With smartphones, tablets, laptops, and of course the good old TV (or Apple TV for the gadget geeks) and cinema, everybody is staring at an electronic device. Lifestyles have certainly changed in the hyper-connected new social era, enabled by digital gadgets that are perpetually connected to the web.
Thanks to a blog post by Brian Solis on Google’s report The New Multi-screen World: Understanding Cross-Platform Consumer Behavior, we now have a better understanding of how screens dominate our lives.
Let me highlight some salient statistics from the report and what its implications are for us.
Our Average Time Spent On Screens
First, almost all our interactions with media are screen based. Essentially, this means that we’re not only logging on to Facebook or Twitter using our mobiles or tablets, but we’re also consuming the news and listening to music on a screen.

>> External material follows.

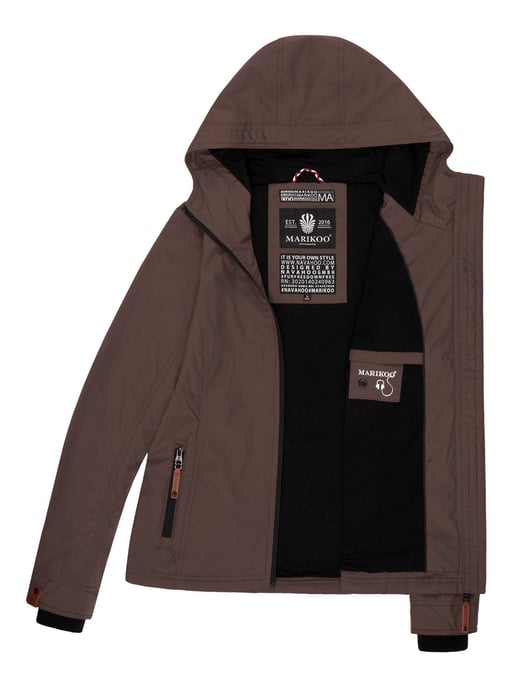 Marikoo chaqueta de entretiempo mujer – Brombeere ligera con capucha - Image 5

With such a huge dominance of the screen over newspapers, magazine and radio, it is clear that marketing content must now be crafted to fit a dynamic rather than static channel. Creative concepts and “big ideas” must be relevant to multi-media platforms, with visuals, narratives and interactive elements that optimise the properties of screens.
How We Spend Our Online Time
Second, our online time is spread between four media devices – smartphones, tablets, PCs/laptops, and TVs.
As you can see from the graphic above, our time per interaction is limited to 45 minutes or less. Consumption of content thus becomes one of snacking on bite-sized bits as opposed to full-length features.
The implications of this is that “marketing” content needs to be even more attractive and alluring than before.
As there are a quadrillion things that I want to do on my screens, the last thing I want to do is to stare through a boring cookie cutter presentation.
What We Do While Switching Screens
Third, we are using screens in sequence, switching from one to another.
Smartphones are the most common points to start (since they’re so convenient), followed by PCs/laptops and tablets. Often, screen switching occurs due to the need to do more complex work that may require a full keyboard to key in details. Interestingly, smartphones and tablets tend to work in exclusion of each other since both offer mostly similar features.
What We Do During Simultaneous Screen Usage
Fourth, many of us are using screens simultaneously.
If we look at the graphic above, we can see that it isn’t rare for somebody to email, browse the internet and “like” a Facebook post in quick succession. Often, the “main screen” being played in the background is the TV, while each of us would hold either a smartphone or a tablet to browse the web, tweet, or play a game.
While the TV is largely a passive entertainment device, the three smaller screens have a slightly different focus:
1) Computers keep us productive and informed. PCs or laptops are also the most common place for us embark on more complex activities.
2) Smartphones keep us connected. They are also the most common place to start for online activities.
3) Tablets keep us entertained. They’re also great for shopping, planning holidays, or booking of cinema tickets.
With the ubiquity of screens in our lives, it is important for marketers to consider how our content can be made more “screen-tastic”, ie vivid (sight, sound, movement), succinct, share-able, interactive and transactional.
Content also needs to be tailored to fit different sized screens, with mobile and tablet friendly versions being the norm rather than the exception. As consumers jump from one screen to another, a common digital memory is needed so that they needn’t repeatedly key in the same information for each transaction.
Sometimes we forgot those important facts to make it more “screen tastic”.